Recently, I met this problem.

Given a string S. Count the number of substring of S which is a palindrome. A substring is a contiguous sequence of characters within a string(a character is still considered as a substring). A palindrome is a string which is the same when reading forward and backward.

Here I share two solutions to this problem. You can submit your solution here

Dynamic Programming solution O(N ^ 2)

We define dp[i][j] = 0 if the substring s[i..j] is a palindrome and 1 otherwise.

We will fill in this table.

First, every character is a palindrome.

Second, every string of 2 have the same character is a palindrome.

Finnaly, if s[i..j] is a palindrome iif s[i] == s[j] and s[i + 1..j - 1] is a palindrome.

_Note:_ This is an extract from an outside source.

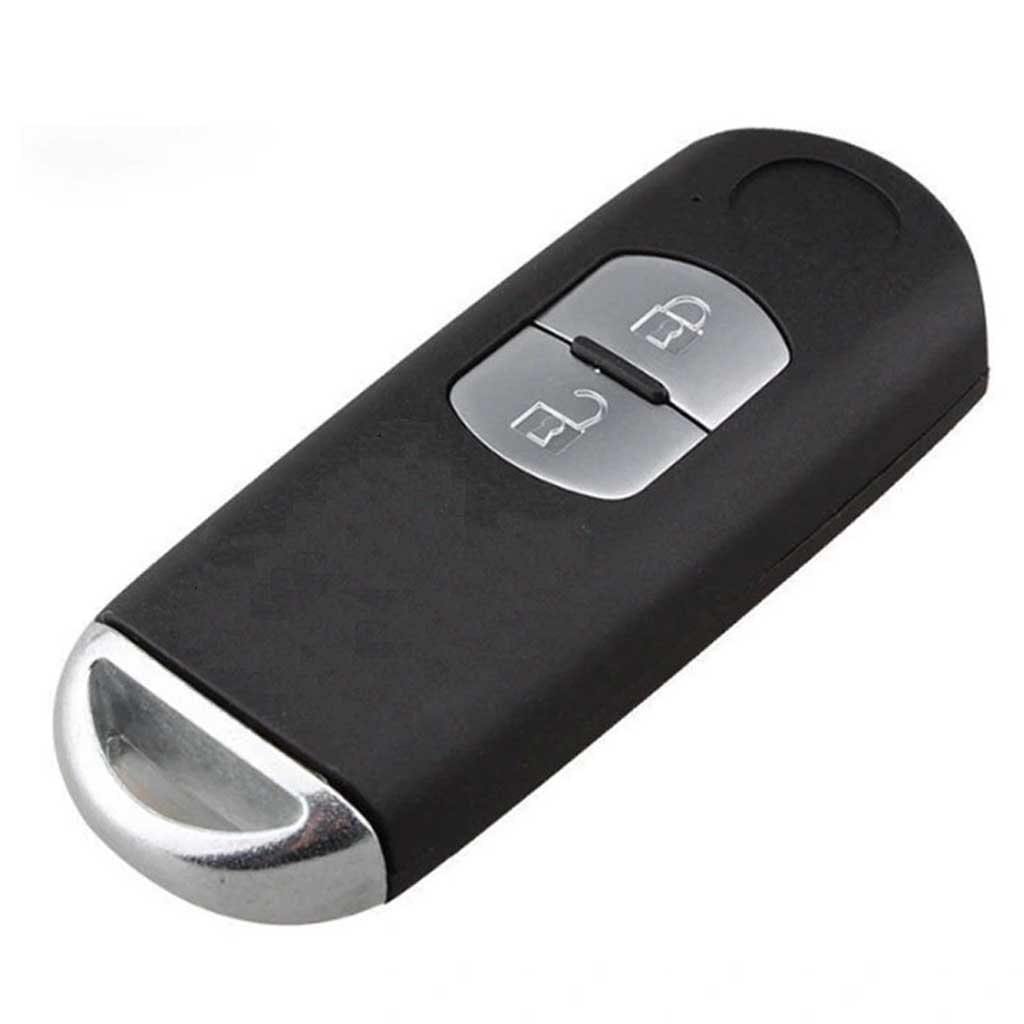 Fekete színű, 2 gombos Mazda kulcsház, kulcs ezüst színű gombokkal.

The answer is the number of 1 in the dp.

def countPalindromicSubstrings(self, s):
        n = len(s)
        
        dp = [[0 for i in range(n)] for j in range(n)]
        
        for i in range(n):
            dp[i][i] = 1
        answer = n # we have n palindromes already
        for col in range(1, len(s)):
            for row in range(col):
                if row == col - 1 and s[col] == s[row]: 
                    dp[row][col] = 1
                    answer += 1
                elif dp[row + 1][col - 1] == 1 and s[col] == s[row]:
                    dp[row][col] = 1
                    answer += 1
        
        return answer

Here, we use an 2d array and 2 loop to fill in this table so the time and space complexity of this approach are both O(N ^ 2).

O(1) space solution

In coding interview, the interviewer will probably ask you to improve the perfomance up to using O(1) space (i.e: create no extra space). Iterate over the array and treat each element as a center of a palindromic substring then try to expand to the left and to the right of this center. Every time s[left] == s[right] we increase the answer by one and break when we see s[left] != s[right]. A while loop will help us to do this.

def countPalindromicSubstrings(self, s):
        n = len(s)
        answer = 0
        for mid in range(n):
            left = right = mid # count for odd substrings
            while left >= 0 and right < n and s[left] == s[right]:
                left -= 1
                right += 1
                answer += 1
            left = mid
            right = mid + 1 # count for even substrings
            while left >= 0 and right < n and s[left] == s[right]:
                left -= 1
                right += 1
                answer += 1
        return answer

Here, the time complexity is still O(N ^ 2). But we only need to use an extra variable answer to store the answer. Hence, the space complexity is O(1).